Tag Archives: executive function and organizational skills

Blog Post 2000!

I started this blog in 2015, mostly because I found serious discourse about students, teaching, learning, and curriculum in the school in which I served at the time left a great deal to be desired. In the first three years I maintained this site, in other words up to July of 2018, I published 1,000 posts. Since last July, I have published 1,000 more. I’m not sure how I did it, but here we are.

What I do know is this: when I feel dissatisfied with the professional environment in which I am working, I tend to use these pages as an outlet for my professional curiosity and, yes, I suppose, ambition. If I am to be honest, I also turn to this blog, as I once did to personal journals, when I am anxious.

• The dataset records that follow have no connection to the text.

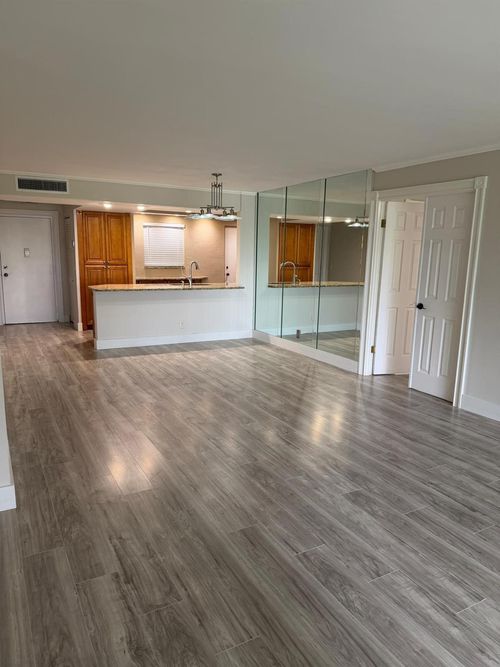 206-6300 Nw 2nd Avenue, Boca Raton, FL, 33487 | Card Image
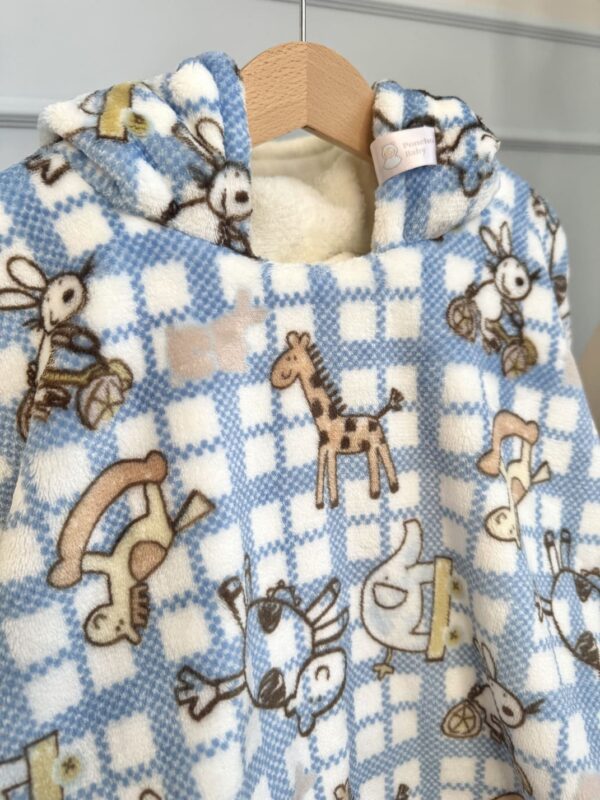 Kiikhobudega ja kaelkirjakutega autosõidu poncho lapsele vanuses 0-1 aastat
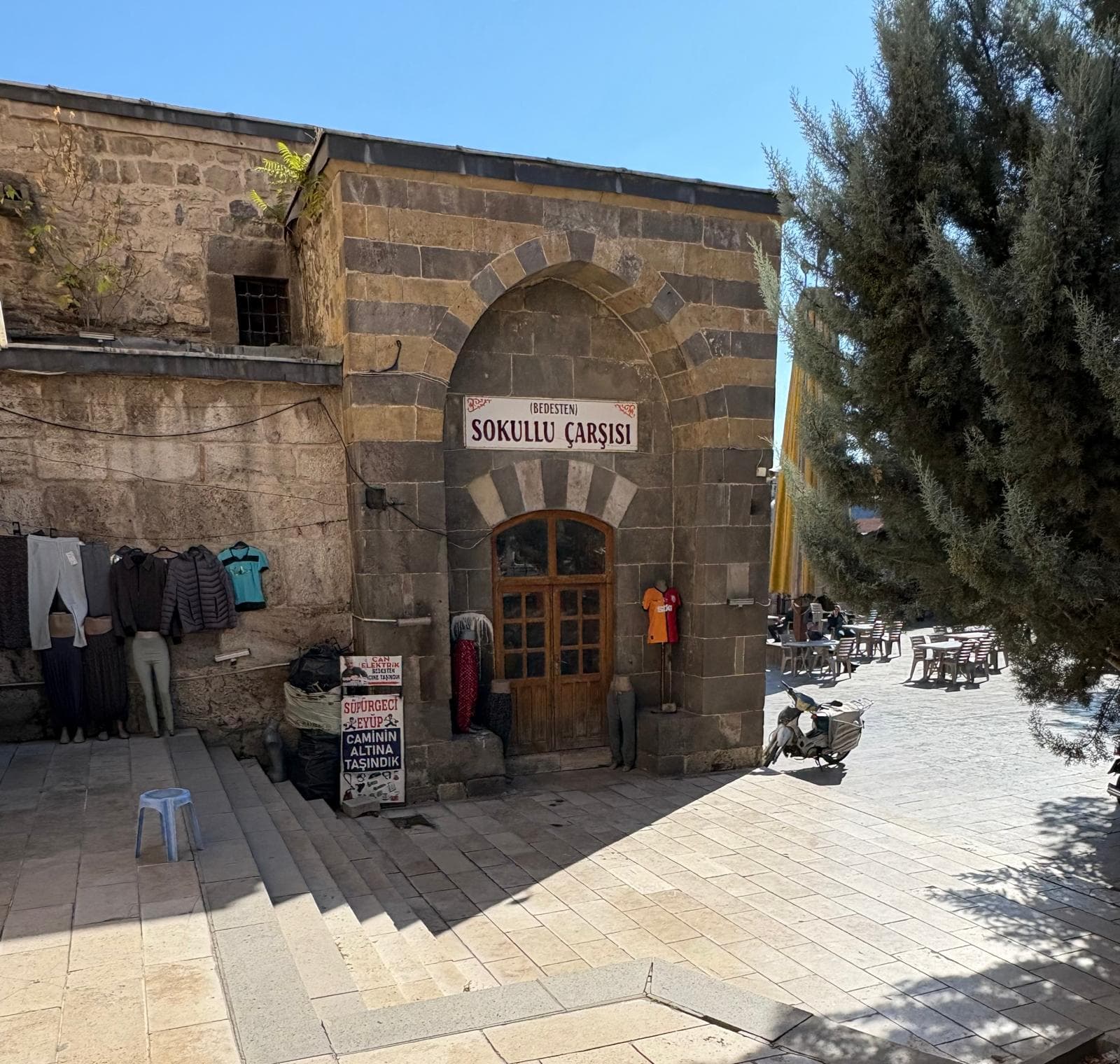 Sokollu Mehmet Paşa Külliyesi Bedesteni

Last November, I made the grievous mistake of accepting the position of “literacy interventionist” (I don’t speak or read bureaucratese; if I did, that position title would have been a dead giveaway for what came next) in an utter disaster of a school, the High School of Commerce, in Springfield, Massachusetts. Starting from my first day of work, when the principal who hired me was absent, and had left no word with her subordinates–or anyone, really–that I would arrive, I have been both professionally dissatisfied and anxious: the former because this school is a place where professionalism and engagement are pretty much subordinated to mindless personal ambition; the latter because I am concerned, as I have been similarly concerned in the past when working in troubled schools led by less than competent principals who can destroy a teacher’s career with their own incompetence, that I had inadvertently put my career at risk.

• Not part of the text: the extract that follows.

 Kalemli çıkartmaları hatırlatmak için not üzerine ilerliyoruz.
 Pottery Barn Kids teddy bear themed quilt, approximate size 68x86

So, you can see why I produced 1,000 posts this year. I am in the last part of my working life, and at this point I just want to work in a school whose administration and faculty doesn’t see children as abstractions, as data points on a graph, to advance their own careers. I became a teacher to help kids, not play power games and office politics.

In any case, here we are at Blog Post 2000. I have a number of documents to post, all from the first third of my career, when I was just figuring out how to assess students’ abilities and design instruction that challenged them, but didn’t frustrate them.

So, for starters, here is a learning support on the kinds of questions that drive research projects.

Next, here is a learning support on writing notecards for research papers. I don’t know if teachers still require students to keep analog note-cards in the real world, but the social studies teacher with whom I taught sophomore global studies in Manhattan at the beginning of this (2018-2019) school year still–to his credit–required them. Whatever you do in your classroom, perhaps this structured note-card blank will help students learn and master this task essential to the craft of research.

This sample outline learning support and this style sheet on using structured outlining blanks, you will notice, are basically the same material. The style sheet accompanies these structured outlining blanks.

Finally, here is a document I call the research paper in miniature. I use this document to show students, in essence, what a research paper is, why the authors of these kinds of papers must cite sources, and even ask them to infer the argument (i.e. the origins of rock and roll are in the blues and other African musical forms) from the paragraph they read. As I write this, I realize that I have a lesson plan to rationalize the research paper in miniature, so I’ll post that as a Weekly Text sometime over the summer when I have a chance to revise it.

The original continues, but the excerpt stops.